İslam, mensuplarına bireysel ve toplumsal sorumluluklar yükler. İnancın temel ilkeleri bu sorumluluğun çerçevesini çizer.
Yaşadığımız çağın en büyük sorunlarından biri dindarların temsil kabiliyetindeki zaaflardır. Bu zaaflar hem dindarlara olan güveni azaltmakta hem de buna bağlı olarak derin bir ahlak krizi yaratmaktadır.
Dindarların en büyük sorunlarından biri inandıkları ile yaşadıkları hayat arasındaki uyumsuzluktur. Bu uyumsuzluk, toplumsal hayatta dindarlara karşı olan güveni zedelemektedir. Beklenilen ile yapılan arasındaki uyumsuzluk, inanç ile pratik arasındaki farklılık, sonunda ahlak krizine yol açmaktadır. Yaşadığımız şu günlerde, toplumun bütün katmanlarında bu krizin izlerini gözlemlemekteyiz.

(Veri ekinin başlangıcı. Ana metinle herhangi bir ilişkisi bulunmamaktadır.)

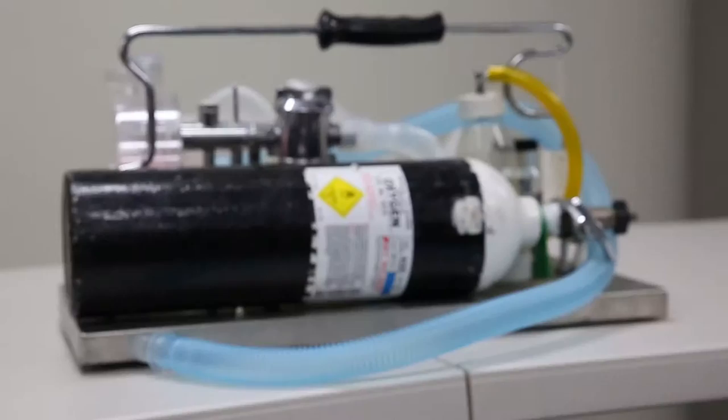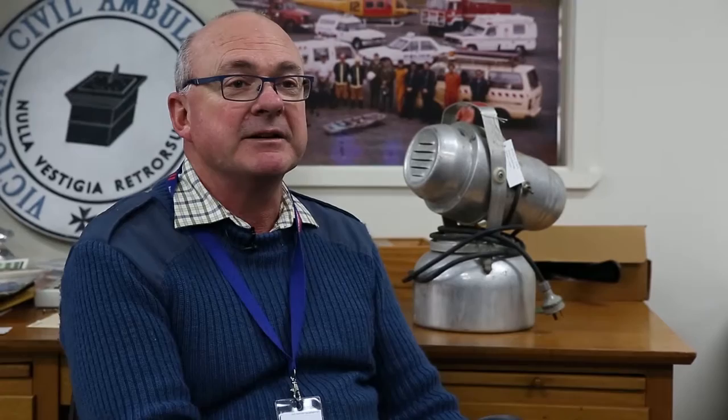The resuscitation equipment is incredibly interesting. Just the sheer weight of some of that old equipment is extraordinary and the crudeness of it as well. We've got another item called the Thumper and it was an automated CPR machine that used compressed air to pound the chest of patients in the very first MICA ambulance.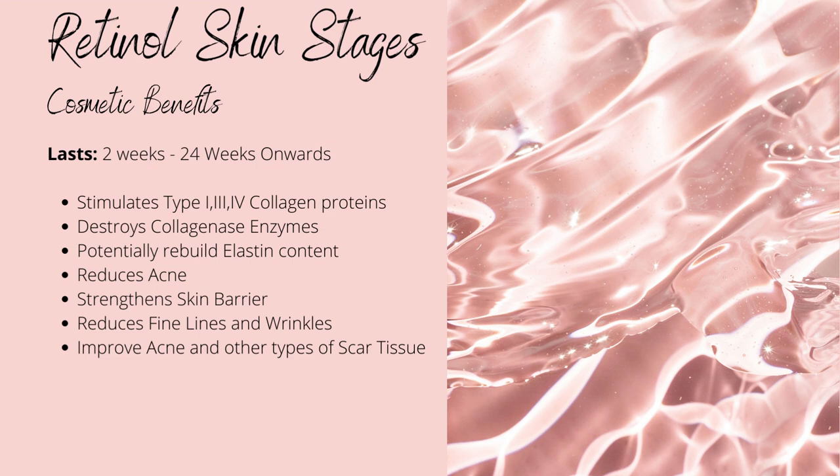The cosmetic benefits start around the four-week mark and come on quite fast, because all the issues you may have initially experienced represent several months of pore movement and expulsion of oxidised sebum and other deposits — all removed within just a few weeks. Benefits include stimulating type 1, 3, and 4 collagen, significantly improving fine lines and wrinkles. Studies show that between ages 20 to 30 we begin losing collagen at about 1 to 2% per year; retinol helps negate this. It also inhibits collagenase enzymes, which consume collagen within the skin, further improving collagen content.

Dindar insanların ibadetleri ile davranışları arasındaki uyumsuzluk, sadece onların kınanmasıyla kalmamakta, aynı zamanda inançlarını da sorgulanır duruma düşürmektedir. Kılınan namaz, tutulan oruç insanları komşu hakkına riayet etmeye, adil davranmaya, doğru sözlü olmaya yönlendirmiyorsa yapılan ibadetlerin samimiyetini sorgulamanın zamanı gelmiştir.
Allah’a karşı olan ibadetlerin sonuçları toplumsal ilişkilere yansımalıdır. Hem namaz kılan hem de komşu hakkına giren, yalan söyleyen, gerçeği bile bile gizleyen kişinin dindarlığı sorunludur. Dindarlığı sorunlu olan kişilerin başkalarını etkileme imkanı yoktur.

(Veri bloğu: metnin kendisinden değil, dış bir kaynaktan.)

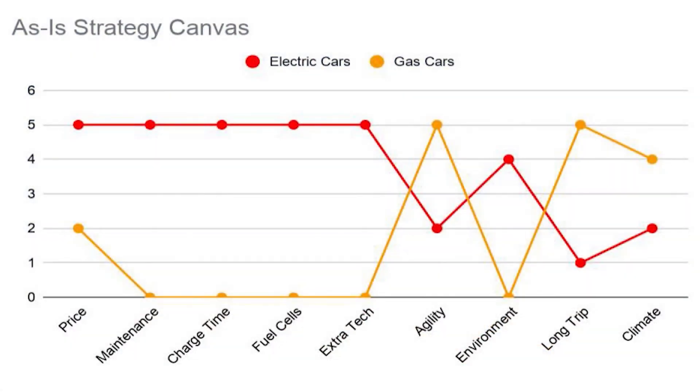However, not everything is sunshine and rainbows, because companies such as Tesla and other electric car companies have also tried to make an alternative to gas cars. Let's take a look at the as-is canvas. This shows the current state of the market: gas cars are lower in price, maintenance, charge time, fuel time, fuel cells, extra unnecessary technology, and environmental friendliness, while being higher in the ability to withstand different climates, agility, and long trip potential.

Gösterişçi dindarlık veya din istismarcılığı, dini ibadetlerin ahlak ve irfandan uzak olmasıyla başlar. Böylece ibadetin içeriği boşalır. Oysa ibadetin asıl hedefi ahlaklı bir insan inşa etmektir. Ahlaksızlığın, adaletsizliğin, yolsuzluğun bu denli yaygın olması, ibadetlerin amacına ulaşmadığını gösteriyor.

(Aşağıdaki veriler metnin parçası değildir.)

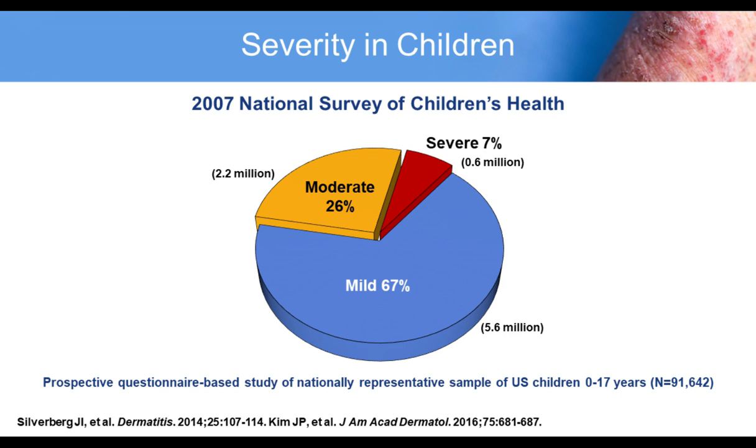Different data sets categorize patients as mild, moderate, or severe. A prospective sample of over 90,000 patients aged 0 to 17, published by Jonathan Silverberg, showed about two-thirds with mild disease and 33% moderate to severe. We're focusing on the moderate-severe population. Many patients move along a spectrum — moderate at some times, severe at others — and that will influence my selection of therapies.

Kamu ve kul hakkı, muhatabın izni olmaksızın affedilmesi mümkün değildir. Türkiye dindarlığı kamu ve kul hakkı konusunda önemli ölçüde duyarsızdır. Bu yüzden genelde İslam dünyasında, özelde Türkiye’de dindarlığın zemini sorunludur. Hiç kuşku yok ki, sorunlu dindarlığın başkasını etkilemesi mümkün değildir.
“Dindarlar neden başkalarını etkileyemiyor” sorusu üzerinde düşünülmelidir. Çünkü iyi örnek olmak, inancının ahlakını davranışlarına yansıtmakta mümkündür. Namaz kılan ancak yolsuzluk yapan, komşu hukukuna riayet etmeyen, yalan söyleyen, komşusunun kendinden emin olmadığı insanlar bırakın başkalarını etkilemeyi, tam tersine kötü örnek olmakta ve dinin sorgulanmasına neden olmaktadır.
Özellikle son 20 yılda dindarlar toplumsal temsiliyet konusunda iyi bir örneklik oluşturamadılar. Bu durum bugün bazı sorunlar ortaya çıkardığı gibi, yarın da artçı sarsıntıları olacaktır. Bu durumun en büyük nedeni yaşanan ahlak krizidir. Ne yazık ki, dindarlar yaptıkları eylemlerden dolayı güvenilirliklerini büyük ölçüde kaybettiler.
İnsanlar, psikolojik olarak ne söylediğinize değil, nasıl davrandığınıza bakarlar. Belirleyici olan Kur’an kıssaların nasıl anlattığınız, dini söylemi nasıl kullandığınız değil, nasıl yaşadığınız ve bunu pratik hayata nasıl aktardığınızdır. Dinin bize yüklediği en büyük sorumluluklardan bir tanesi önce din kardeşinin, sonra da bütün insanların hukukunun korunmasıdır. Kendi içinde din kardeşiyle adaleti sağlayamayan bir anlayışın dünya barışını dillendirmesi sağlıklı bir yaklaşım değildir. Kardeşliğin sınırlarını ve hukukunu iyi belirlemek gerekir. Hz. Yusuf kıssasından bize kalan ders, insana en büyük kötülüğün kardeşlerinden gelme ihtimalidir. Bunun için kardeşinin hukukunu korumak, hakkını yememek gerekir.
Dindarlar, inançlarını yaşadıkları hayata aktarmalıdır. Bu onların hem Allah’a, hem de içinde yaşadıkları diğer insanlara karşı sorumluluğudur. Bu sorumluluk, dindarları toplumsal yaşamda ahlaklı bir duruş sergilemeye zorlar.